La segunda variable conlleva un juicio de valor hacia tu persona: la prenda en cuestión no se gastó, no está deslucida, no está desteñida. En realidad se ve casi nueva. Sucedió en el medio que vos creciste y allí ya no entrás. Me pasa con una remera, que me encanta, de llamativo azul Francia, que me regalaron cuando pesaba setenta y ocho kilos y medio. La remera, hermosa, lamentablemente quedó once kilos y medio atrás. Y bueno, carajo: uno no puede andar esperando o acarreando a todo el mundo. Y vos no te rías porque bien sé que guardás un pantalón de cuero que te quedaba fantástico diez atrás y hoy no trepa la cadera o no tiene posibilidades el cierre de completar su recorrido...

La remera es entonces una especie de postulación de la mala confección progresiva de nuestro cuerpo, porque ella está intacta (y sugiere con pasiva indiferencia que nosotros no) y es como esas fotos que nos muestran como éramos entonces.

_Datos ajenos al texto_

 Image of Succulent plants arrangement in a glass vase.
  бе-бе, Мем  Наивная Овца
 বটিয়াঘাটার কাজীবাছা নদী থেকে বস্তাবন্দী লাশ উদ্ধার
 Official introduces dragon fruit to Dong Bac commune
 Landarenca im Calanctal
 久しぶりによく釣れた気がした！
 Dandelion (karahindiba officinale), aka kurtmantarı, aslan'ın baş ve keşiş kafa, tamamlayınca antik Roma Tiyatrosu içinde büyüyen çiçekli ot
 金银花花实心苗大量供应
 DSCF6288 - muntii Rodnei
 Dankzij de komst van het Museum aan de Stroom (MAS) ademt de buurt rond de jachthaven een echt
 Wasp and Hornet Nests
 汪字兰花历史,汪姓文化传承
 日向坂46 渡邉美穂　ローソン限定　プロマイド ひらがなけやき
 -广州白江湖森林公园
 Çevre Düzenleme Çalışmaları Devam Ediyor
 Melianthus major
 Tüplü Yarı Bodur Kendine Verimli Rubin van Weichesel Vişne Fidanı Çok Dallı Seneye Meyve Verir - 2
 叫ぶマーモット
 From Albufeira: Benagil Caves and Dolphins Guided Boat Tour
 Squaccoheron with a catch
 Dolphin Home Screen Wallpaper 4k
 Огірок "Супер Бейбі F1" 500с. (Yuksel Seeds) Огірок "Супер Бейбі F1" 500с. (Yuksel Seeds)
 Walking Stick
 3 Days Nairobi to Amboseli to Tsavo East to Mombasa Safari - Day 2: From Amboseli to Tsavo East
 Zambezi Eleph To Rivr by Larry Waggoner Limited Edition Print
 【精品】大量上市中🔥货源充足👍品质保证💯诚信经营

Y bien, ya nos entendimos. Hay gente que es naturalmente desprendida y no se aferra a las cosas. Hay gente que es medianamente desprendida y hay gente que no tira o regala ni los pantaloncitos apretados de fines de los 70, porque sí o porque cree o se miente que alguna vez bajará de peso y entrará nuevamente en ellos. Yo no sé en qué categoría está cada uno, pero, ya se los digo, a la remera azul Francia no la regalo por nada del mundo. No hay modo que me des-prenda de ella. Y no me vengan con apretadas.